[Material to process]
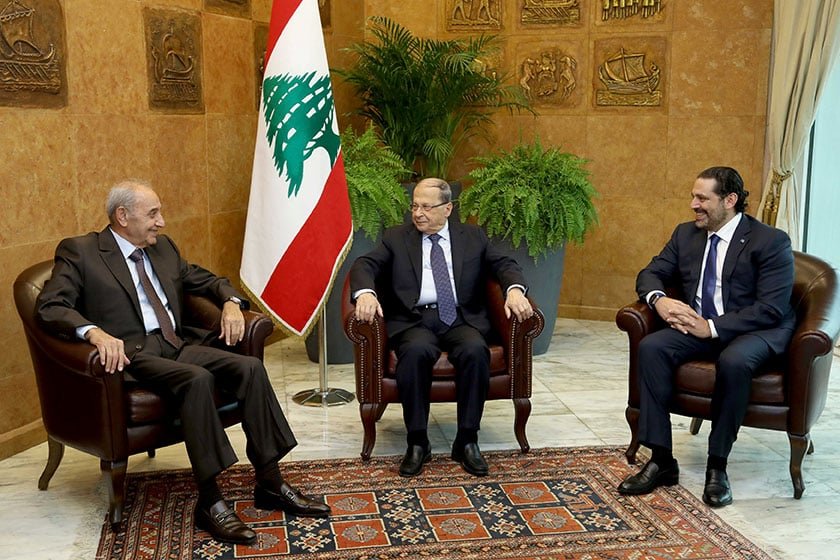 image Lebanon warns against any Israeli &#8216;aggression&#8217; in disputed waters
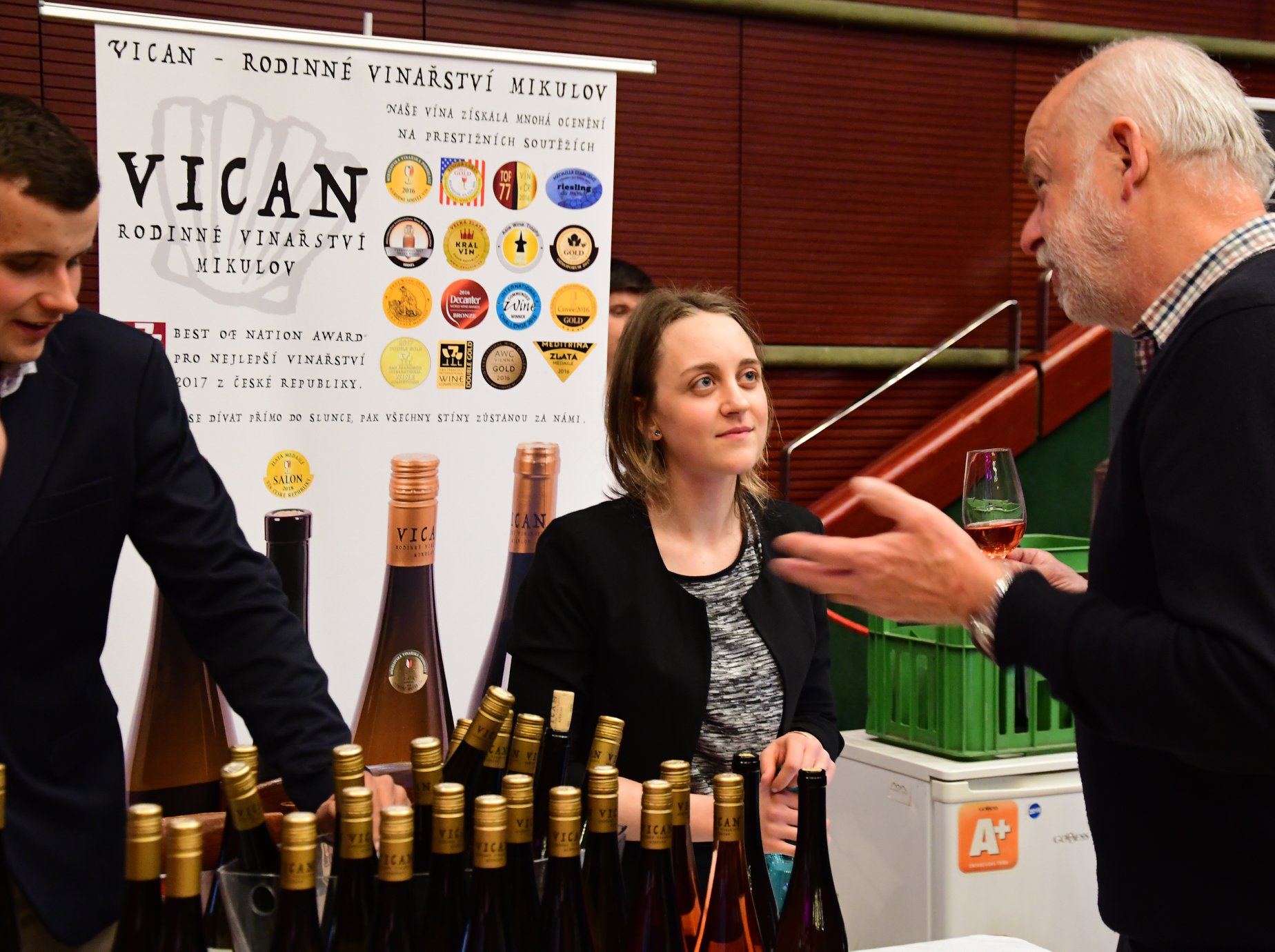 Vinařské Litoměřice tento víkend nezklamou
* * *
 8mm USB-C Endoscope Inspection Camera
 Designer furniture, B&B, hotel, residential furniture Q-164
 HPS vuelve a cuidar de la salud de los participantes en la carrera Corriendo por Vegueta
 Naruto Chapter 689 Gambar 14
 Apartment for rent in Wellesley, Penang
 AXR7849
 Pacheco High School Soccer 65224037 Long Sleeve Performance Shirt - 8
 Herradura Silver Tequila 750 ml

[What you are asked to do]
In the listing above, the lines from the one containing "Apartment for rent in Wellesley, Penang" through the one containing "Herradura Silver Tequila 750 ml" must be set down exactly, with no other lines.

[Result of this exercise]
 Apartment for rent in Wellesley, Penang
 AXR7849
 Pacheco High School Soccer 65224037 Long Sleeve Performance Shirt - 8
 Herradura Silver Tequila 750 ml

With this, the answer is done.